397-Billion Parameter AI Model Runs on MacBook Pro With 48GB RAM at 4.4 Tokens Per Second Using Custom C/Metal Engine
Summary
A custom C/Metal inference engine called Flash-MoE is now running a massive 397-billion parameter AI model on a standard MacBook Pro with 48GB RAM, streaming 209GB directly from SSD at 4.4 tokens per second — with 58 documented experiments revealing that Apple Silicon's unified memory architecture defies conventional optimization wisdom.
Key Points
- A custom C/Metal inference engine called Flash-MoE successfully runs the 397-billion parameter Qwen3.5-397B-A17B model on a MacBook Pro with just 48GB of RAM, achieving 4.4+ tokens per second with full tool-calling support by streaming the 209GB model directly from SSD.
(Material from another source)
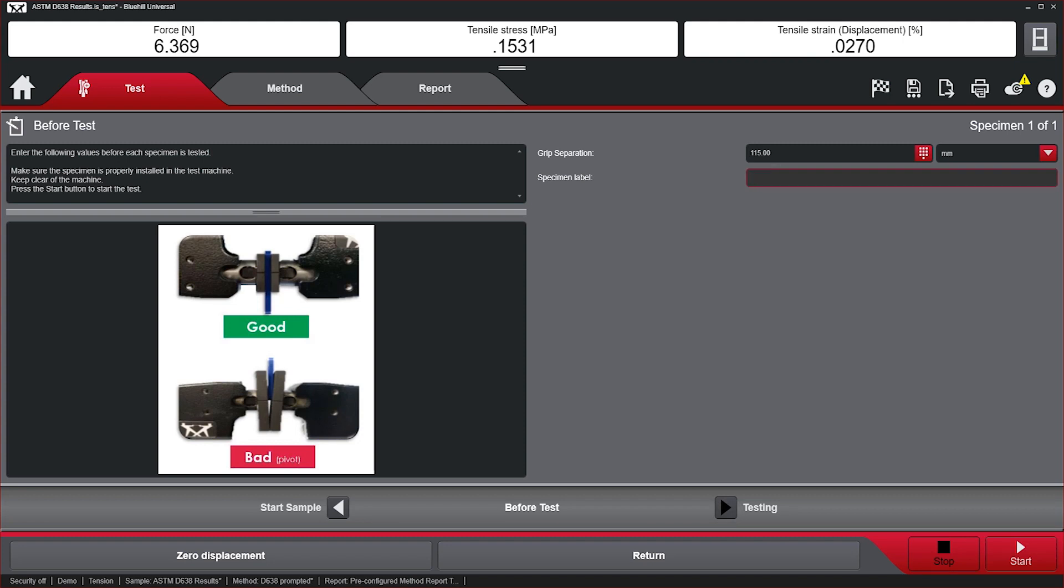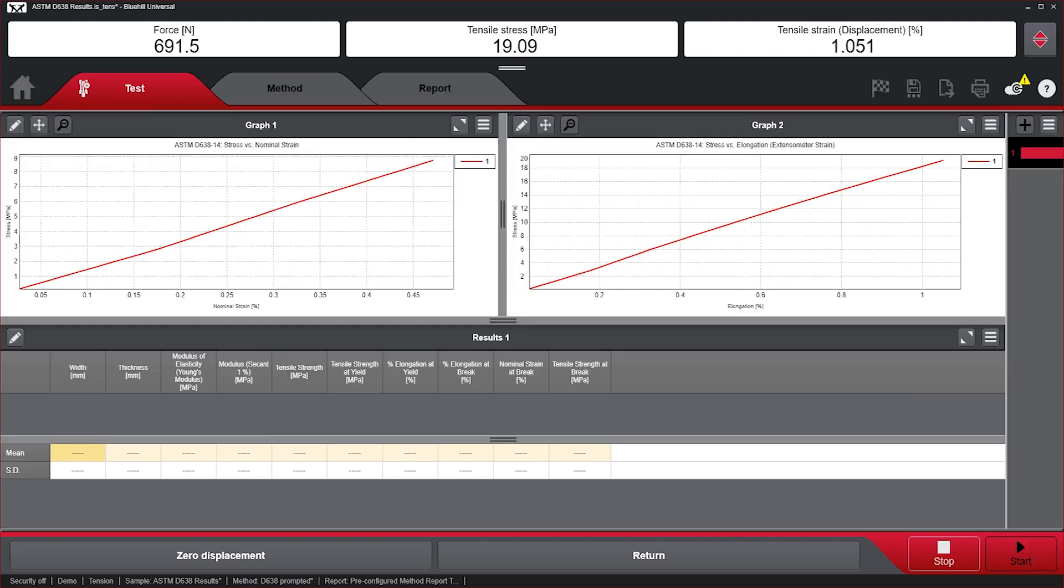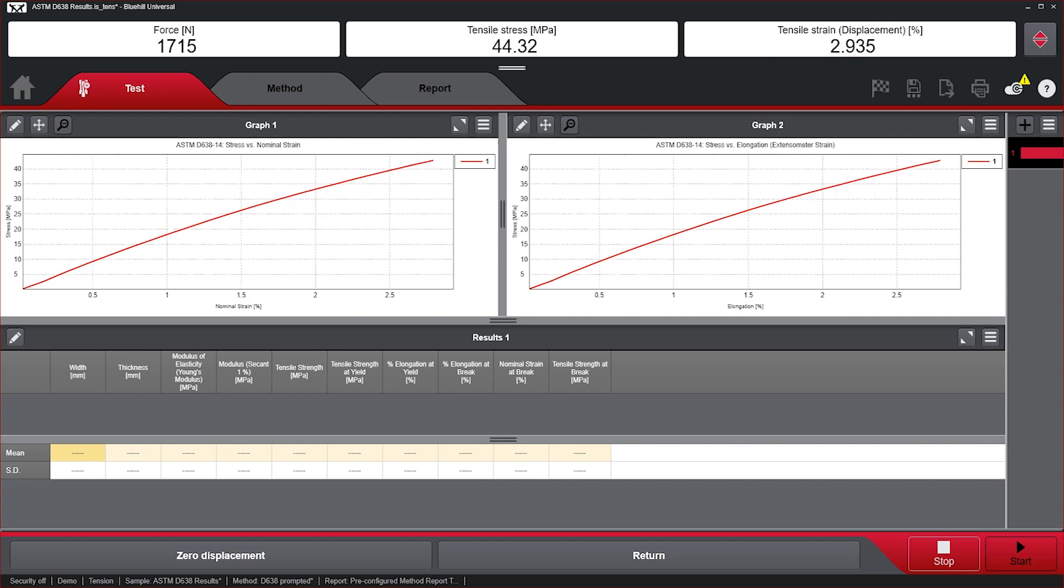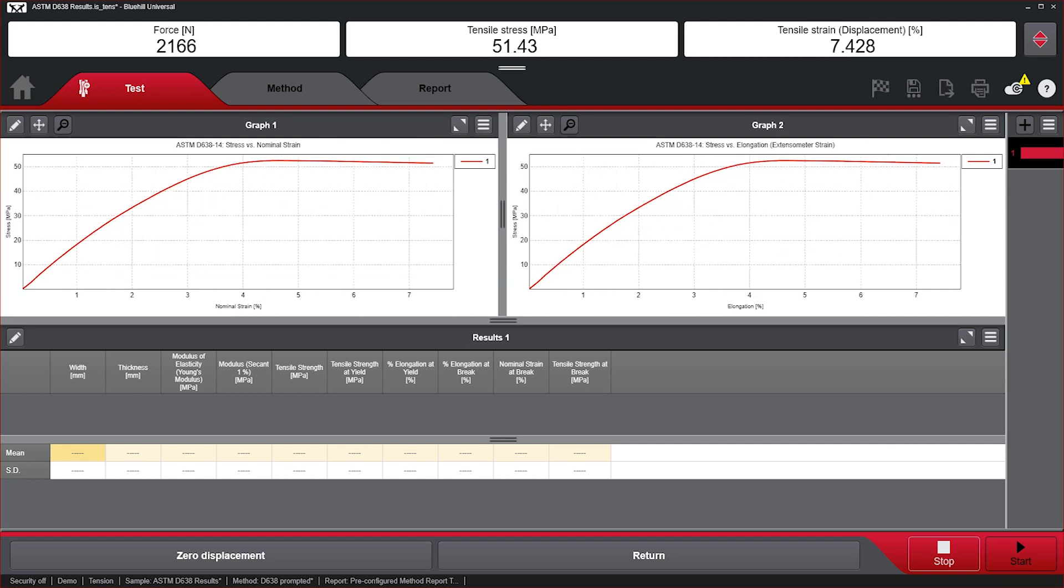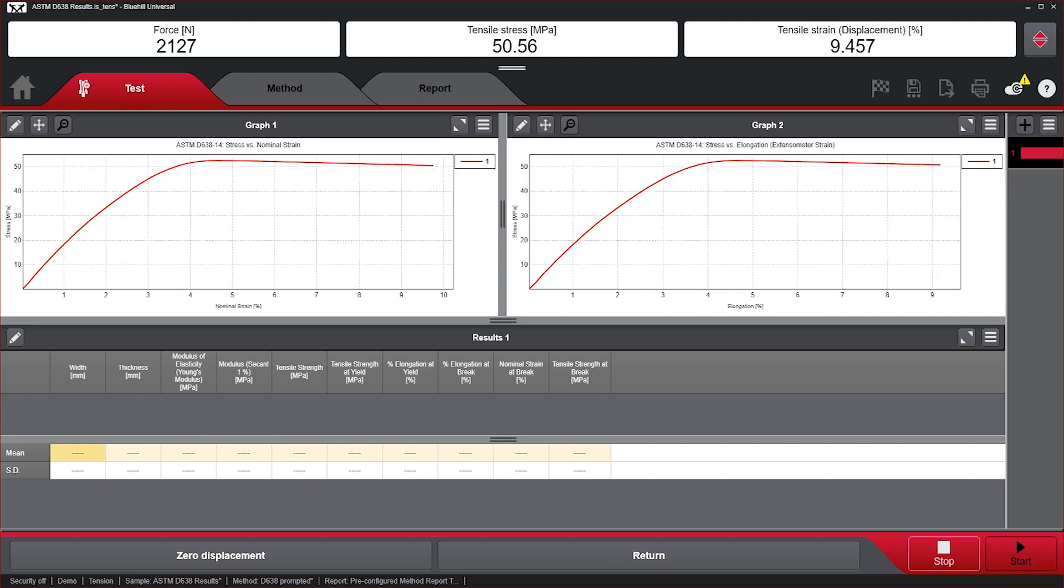Prompted test is ideal for quality control professionals who are responsible for collecting accurate and reproducible data and results.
- Key performance breakthroughs include an FMA-optimized GPU dequantization kernel delivering a 12% speed boost, Accelerate BLAS for linear attention providing a 64% improvement, and a 'Trust the OS' caching strategy that outperforms every custom caching solution tested by leveraging the OS page cache's natural ~71% expert hit rate.
- Built entirely in C, Objective-C, and hand-tuned Metal shaders with no Python frameworks, the project documents 58 experiments revealing that many intuitive optimizations like LZ4 compression, prefetching, and speculative routing actually hurt performance due to unified memory architecture constraints on Apple Silicon.